A container ship hit the bridge in 2007 spilling 53,000 gallons of oil into the bay. The bay was covered in thick fog, and the pilot had a history of drink driving and sleep apnea, and was under the influence of prescription drugs at the time.
What do you think could have been the reason for this collision?
The San Francisco Bay Bridge is huge and the supporting towers are very far apart. How then, did a sober, wide awake pilot manage to crash a ship into one of them?
They are talking the Bay bridge, not the Golden Gate. The shipping lanes aren't that far from the pylons are they?
This photo shows a container ship passing under the Bay Bridge, and as I suspected, it seems that the shipping lanes are equidistant between the two support towers.
Right, about 1/3 ship length from the pylon but in a fog.
The 750-ft ship hit the bridge at a speed of 11.8 knots in fog.
Video of the damage to the bridge and the ship: http://www.safety4sea.com/page/14435...verseas-reymar
on http://www.odin.tc/news/read.asp?articleID=1703 the vessel's track can be seen and it passed outwards safely under the bridge before coming back and hitting the north side of the bridge.
Overseas Reymar is registered in the Marshall Islands.
Ok, next stop, the orient.
Wait a minute, that wasn't the Golden Gate Bridge we just went under!
Where the heck are we?
Oops, turn around.
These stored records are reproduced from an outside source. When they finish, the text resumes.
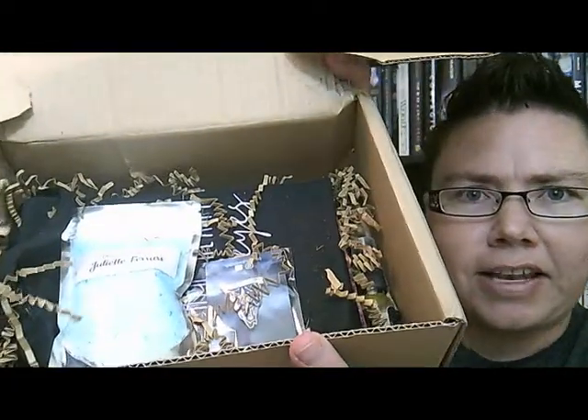After getting the crinkle paper out of the way, the first thing I see is some bath salts — Juliet Ferrers from Shatter Me. Let's see what the bath salts smell like. The scent I'm picking up is very clean laundry, clean linen kind of smell, which I happen to love. So for me, that's a win right there.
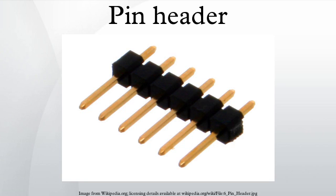Shrouded pin headers with a plastic guide box around them are known as box headers or shrouded headers, and are normally only used in combination with a ribbon cable connector. A notch in the guide box normally prevents placing the connector the wrong way around.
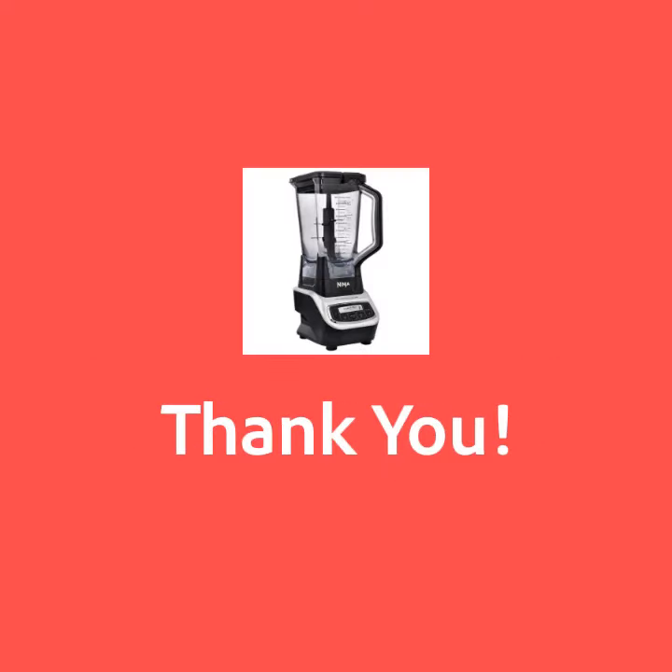And that just about wraps up our presentation on the Ninja 72 ounce professional blender. There are many more components to this blender, but these were the ones that we felt were worthwhile mentioning. Hopefully this was educational.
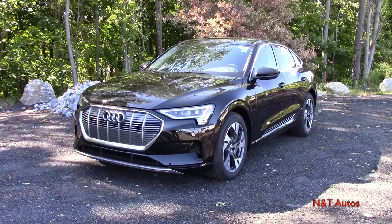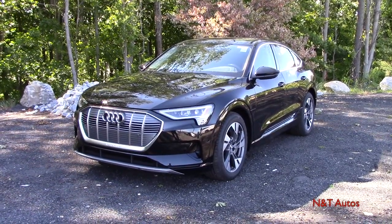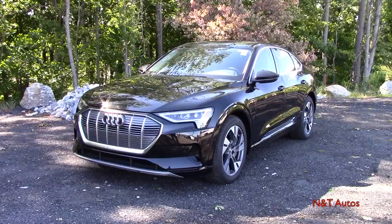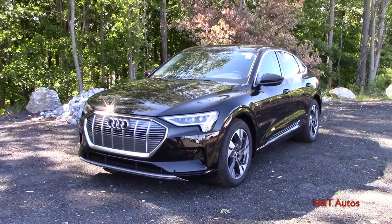To wrap this video up, I hope you've enjoyed the 2020 Audi e-tron Sportback in the Premium Plus trim just as much as I have, and I invite you to keep watching our videos here on NNT Auto Reviews.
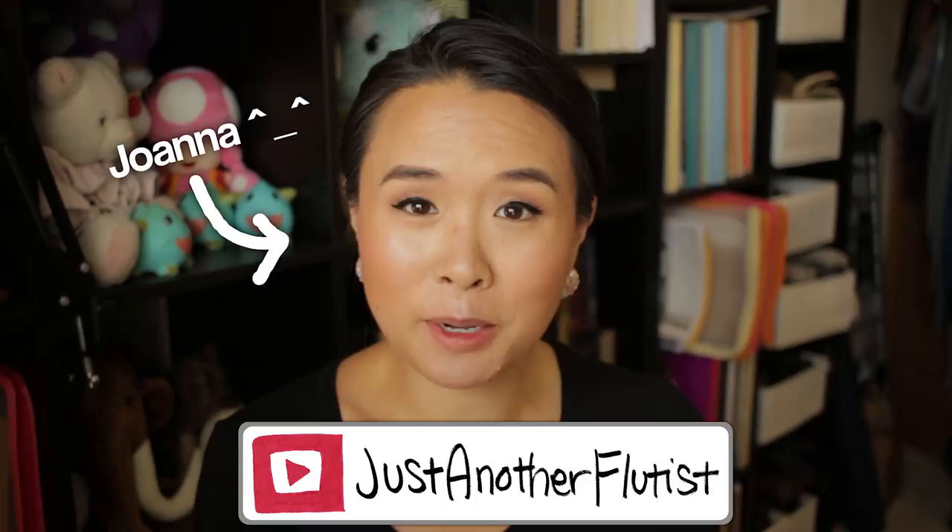Hey guys, my name is Joanna, also known as Just Another Flutist here on YouTube, and today I thought I would talk about my sight singing and ear training textbooks.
We went the wrong way! orz
What was that crunching noise?
Maybe we can sneak away.
Busted! Ok, we'll wait here....
11.8 knots is fast! especially for a huge ship traveling in a harbour or bay area, add that fog and it just becomes irresponsible. Having said that the damage doesn't seem too bad.
I agree it seems very fast for the conditions. For Kiteman's scenario a lot would have to be wrong, for example no radar and no gps. That degree of not knowing where they were would be negligent even in a leisure boat, but for a ship registered in a flag of convenience, anything is possible.
Because of this, in Europe, ships are inspected in port and not allowed to leave until they are seaworthy according to the regulations of their country of registry. They check the officers' certificates and also things like whether the crew has been paid. I don't know what the situation is in the US.
Last edited by Alan; 01-11-2013 at 05:30 PM.
Is inebriation out of the question? It would explain everything, and surely isnt too far fetched. Or do you think if it was something as simple as that the news would have already been released?